A circa due mesi dall’udienza d’appello, tenutasi lo scorso 23 dicembre, arriva il verdetto finale. Dalla lettura della sentenza si apprende che dei 6 anni di carcere a cui era stato condannato in primo grado, ne resta da scontare uno. Intatta, invece, la condanna a 223 frustate a cui si aggiunge anche il pagamento di una multa.
“L’unica cosa che possiamo sperare, per ora, è che io sia chiamato in carcere il più tardi possibile, almeno dopo il Capodanno iraniano (20 marzo), o metà aprile quando avrò finito di girare il mio ultimo film e mia mamma avrà terminato il suo ciclo di chemioterapia”, così commenta la sentenza a suo carico il cineasta Keywan Karimi.
“Sebbene la condanna, che in primo grado era a sei anni di detenzione, sia stata ridotta ad uno, è inaccettabile che Keywan Karimi finisca in carcere per i suoi film e subisca torture fisiche e psicologiche per il suo lavoro”, afferma Cristina Annunziata, presidente di Iran Human Rights Italia.

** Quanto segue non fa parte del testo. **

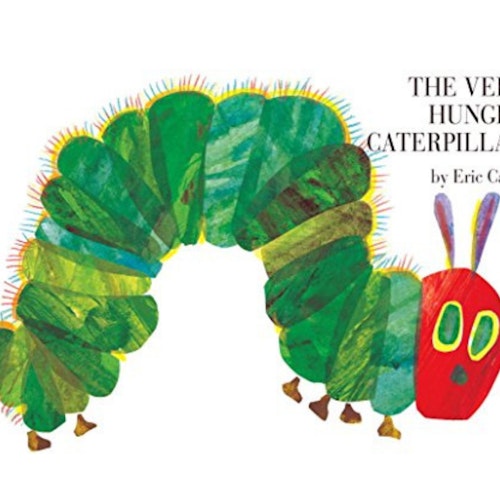 board books for babies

“È impensabile che paghi un prezzo così alto per aver esercitato il suo diritto alla libertà di espressione. La sentenza è definitiva e senza possibilità di appello, ma non dobbiamo spegnere i riflettori sul caso del giovane regista, condannato per il suo cinema impegnato e di denuncia. È fondamentale che la mobilitazione internazionale, che ha visto coinvolti nomi e volti del cinema, continui, e che l’indignazione si trasformi in solidarietà e azione concreta per evitare che Keywan Karimi entri in carcere”, conclude Annunziata.
IHR Italia continuerà a mobilitarsi per salvare Keywan Karimi dal carcere e dalle frustate e affinché le accuse a suo carico cadano definitivamente.
Il caso giudiziario di Keywan Karimi
Il 13 ottobre 2015 un tribunale di Teheran ha condannato in primo grado Keywan Karimi a 6 anni di carcere e 223 frustate. Il giovane regista, noto a livello internazionale per il cortometraggio “L’avventura di due sposi”, basato su una novella di Italo Calvino, è stato accusato di “aver offeso le istituzioni sacre dell’Iran” attraverso i suoi film.
Tutto comincia il 14 dicembre 2013, quando la polizia fa irruzione in casa del filmmaker con un mandato di arresto. Lo prelevano, confiscando i suoi hard disk e altro materiale, e lo portano in carcere, dove è interrogato e tenuto in isolamento per due settimane. L’accusa a suo carico è di aver insultato il regime per un video musicale e un documentario rinvenuto nei sui suoi hard disk. Il 26 dicembre 2013, Karimi viene rilasciato su cauzione. Tra marzo 2014 e settembre 2015, il regista si presenta in tribunale otto volte per fornire le prove in sua difesa. Il 22 settembre, il giorno dopo il suo trentesimo compleanno, viene condannato a due anni di carcere e 90 frustate con l’accusa di “aver insultato l’Islam”. Il 13 ottobre il suo avvocato riceve una lettera ufficiale nella quale, invece, la sentenza è di 6 anni di detenzione e 223 frustate.
L’accusa a suo carico si basa su un documentario intitolato “Scrivere sulla città” – mai proiettato e di cui si trova on line solo il trailer – che racconta dei graffiti sui muri di Teheran dalla rivoluzione islamica del 1979 alla rielezione di Mahmoud Ahmadinejad nel 2009.